My friend and colleague Alastair Cooke recently published an article entitled Advanced Simplification: You Want It. In it, he argues that simplification is something that “deep geeks tend to scoff at” while at the same time embracing the wizards and silent install scripts that help them manage applications and platforms and deploy them into their environments.
Alastair said they tend to think simplification is “easy to do, so anyone can do it. If anyone can do it, then it cannot be sufficiently powerful for our complex use case.” Truth be told, I have found myself uttering those very words. Why? Most large environments I have worked in have strict procedures for almost any kind of work performed in our day-to-day operations, with all the work logged and tracked in the CMDB. It is mainly this integration that makes creating custom workflows and automation an absolute necessity.
To achieve simplified management, Alastair said, “we need to move away from handcrafted perfection and toward policy.” I agree that policy-based automation is needed in larger environments, but I would like to enhance Alastair’s argument and add my own take to it.
In my humble opinion, three different types of automation are needed, not just for operational tasks but also for all of the second-day operation needs. Policy-based automation is the first pillar. I usually consider it to be the proactive automation that starts when a deviation from a given baseline or known good configuration has been found. This type of automation’s main purpose is to maintain and enforce standards. Define your standards, scan for the values, fix when needed, rinse and repeat.
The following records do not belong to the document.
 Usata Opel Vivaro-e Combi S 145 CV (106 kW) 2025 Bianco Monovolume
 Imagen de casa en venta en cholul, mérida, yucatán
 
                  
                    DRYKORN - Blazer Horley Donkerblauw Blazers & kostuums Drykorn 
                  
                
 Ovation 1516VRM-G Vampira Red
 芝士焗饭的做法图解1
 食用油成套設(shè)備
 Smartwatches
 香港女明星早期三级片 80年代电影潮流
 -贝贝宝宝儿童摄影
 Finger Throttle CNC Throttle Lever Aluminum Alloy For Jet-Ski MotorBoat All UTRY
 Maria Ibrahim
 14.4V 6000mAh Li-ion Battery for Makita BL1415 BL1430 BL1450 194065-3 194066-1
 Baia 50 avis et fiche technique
The next type of automation needed is what I like to refer to as reactionary automation. This type of automation is mainly used with the alerting systems; it takes action based on an issue or problem that has occurred. This type of automation is usually built and enhanced over time based on the number and types of alerts that are triggered. When an issue is encountered enough times, code is written to take specific action to resolve it when it happens again.
Proactive and reactive automation have the potential to maintain an environment, but as we all know, in the world of IT, it is not just maintaining an environment. We get multiple requests to do something to some system sometime in the middle of the night. This brings me to the next type: request automation, sometimes called self-service automation. Request automation is based on the most-requested operations for things like increasing compute or storage resources. The name of the game is to create automation based on customer needs until you get to the point when most requests can be handled via the automation.
In closing, I would like to point out that two of the three types of automation—reactive and request automation—tend to be developed dynamically based on the needs that the environment presents in the way of alerts and requests. This is another reason I have been found guilty of thinking that if “it’s easy to do…anyone can do it. If anyone can do it, then it cannot be sufficiently powerful for our complex use case.” Each data center tends to be its own individual beast with its own unique issues and quirks, although this is not due to a lack of effort on our part. How many different data centers have you worked with that operate the exact same way? You could apply that logic to almost any type of grouping, whether the cluster level, the app level, or something else. As a rule, no two environments are exactly the same. Even though we, as support staff, have made mental notes that are acquired from experience, the deviations come from a different area. This is why, in my opinion, to be successful with your automation, you need to do a lot of building your own automation to match the needs in your environment. You may get away with some out-of-the-box automation, but it will never be enough. Customization is what you want.